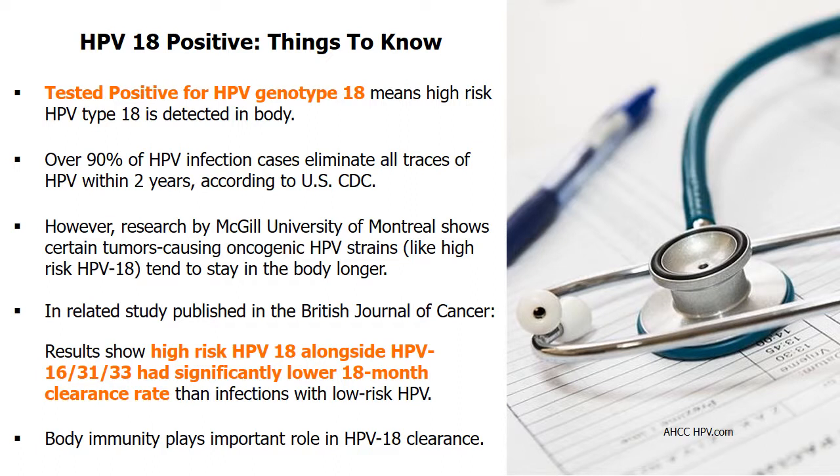However, a study by McGill University of Montreal found cancer-causing HPV shows a higher tendency to stay in the body longer. In a related study published in the British Journal of Cancer, high-risk HPV-18 demonstrated a significantly lower 18-month clearance rate than low-risk human papillomavirus infection.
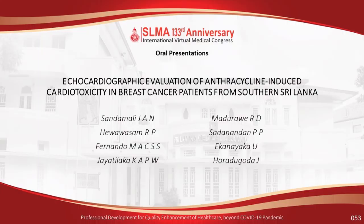The next presentation is OP 53, on echocardiographic evaluation of anthracycline-induced cardiotoxicity in breast cancer patients from southern Sri Lanka. Good afternoon, everyone. The topic of my study is echocardiographic evaluation of anthracycline-induced cardiotoxicity in breast cancer patients from southern Sri Lanka.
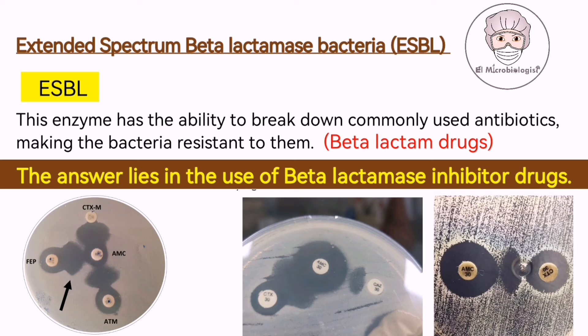These drugs work by inhibiting the action of the beta-lactamase enzyme, preventing it from breaking down the antibiotics. This allows the antibiotics to effectively kill the bacteria, indicating the presence of ESBL.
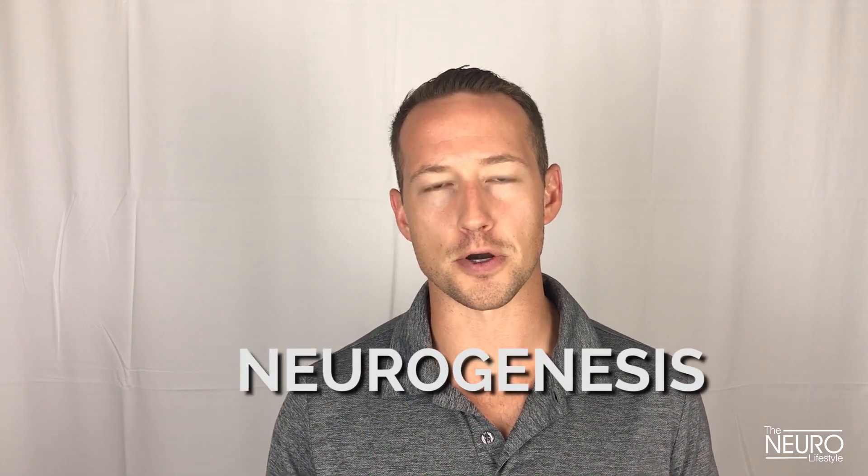If you've never heard of neurogenesis before, neurogenesis is your brain's ability to produce new brain cells. It turns out our body is constantly producing new brain cells all the time. But a really interesting thing is that actually 60% of those new brain cells that get formed get pruned off before they fully mature. So in this video, we're going to show you the top five ways to boost your rate of neurogenesis.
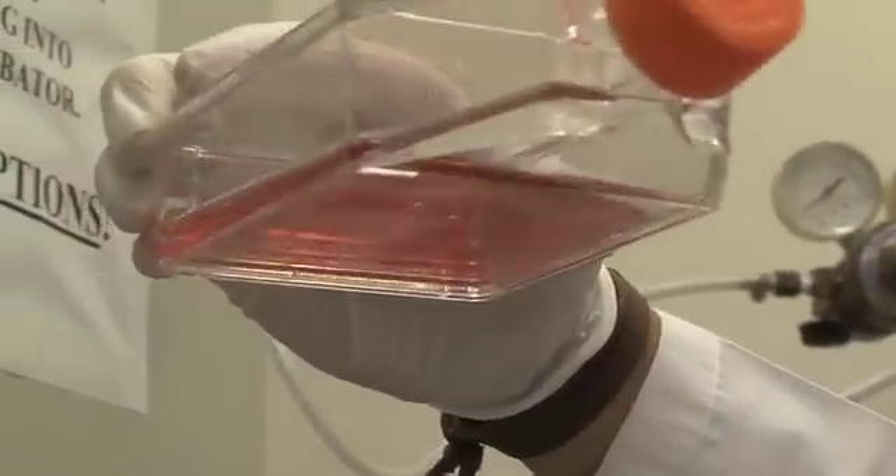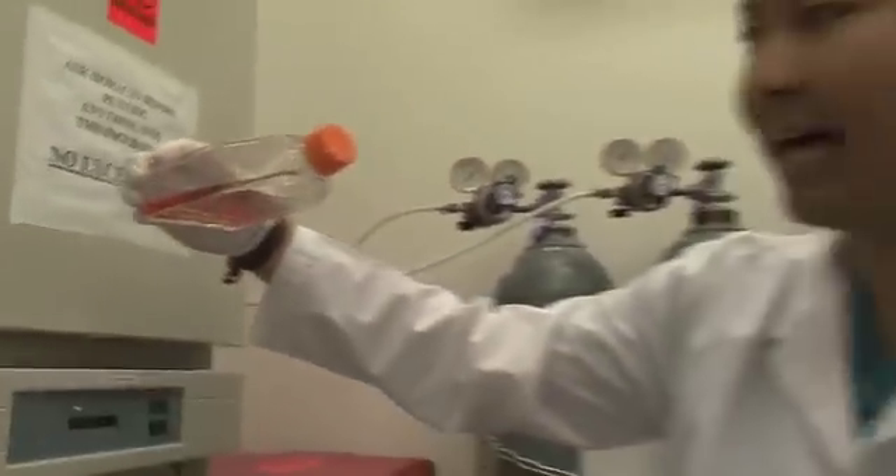These are the brain cancer cells growing inside the medium, inside this flask. We need to grow them in here so that we can study them.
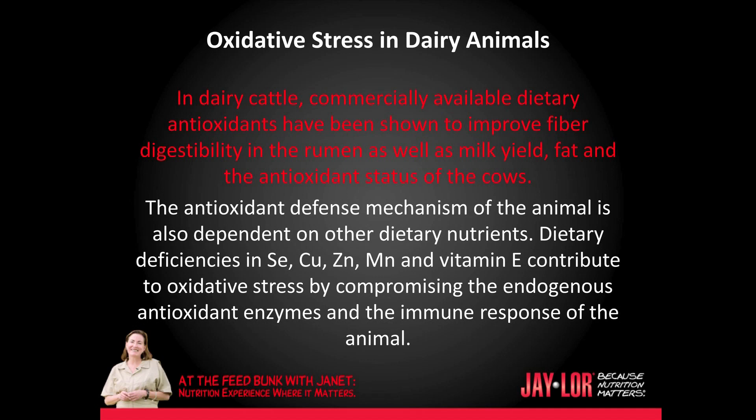The antioxidant defense mechanism of the animal is also dependent on other dietary nutrients. Dietary deficiencies in selenium, copper, zinc, manganese, and vitamin E contribute to oxidative stress by compromising the endogenous antioxidant enzymes and the immune response of the animal.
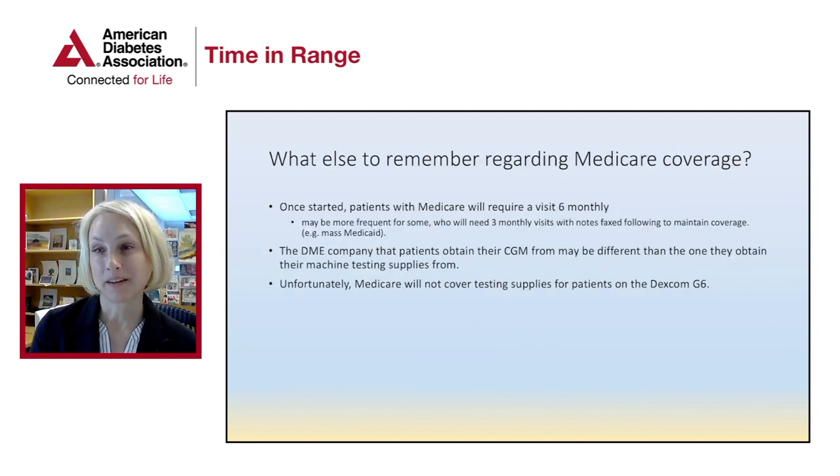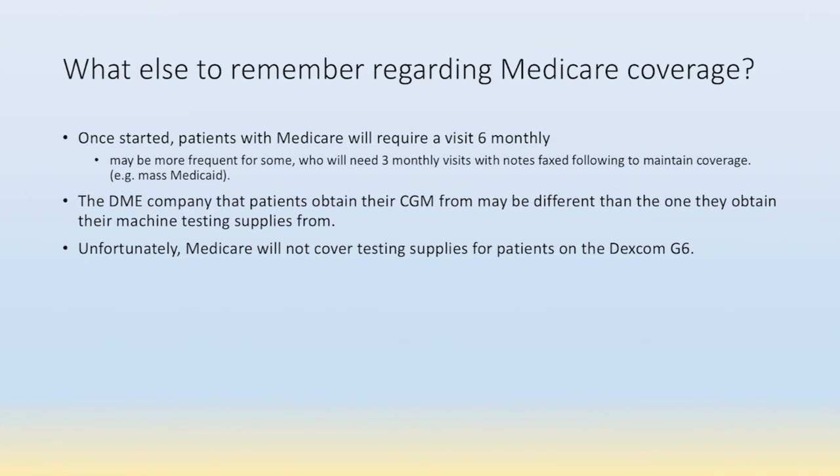What else to remember regarding Medicare coverage? Once started, patients with Medicare will require six monthly or biannual visits. It may be more frequent for some, who will need three monthly visits with notes faxed following to maintain coverage. These notes will need to contain those documented requirements — are they requiring the three injections per day, frequent adjustment based upon glucose data, and are they seeing their provider at the recommended time frames? The DME company that patients obtain their CGM from may be different from the one that they obtain their machine testing supplies from, so that's also important to remember.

■ **Activity**: Reproduce the data above exactly, but only from the line containing "If you've never" through the line containing "These are the". Omit all pictures.

■ **Response to the exercise**:
If you've never heard of neurogenesis before, neurogenesis is your brain's ability to produce new brain cells. It turns out our body is constantly producing new brain cells all the time. But a really interesting thing is that actually 60% of those new brain cells that get formed get pruned off before they fully mature. So in this video, we're going to show you the top five ways to boost your rate of neurogenesis.
These are the brain cancer cells growing inside the medium, inside this flask. We need to grow them in here so that we can study them.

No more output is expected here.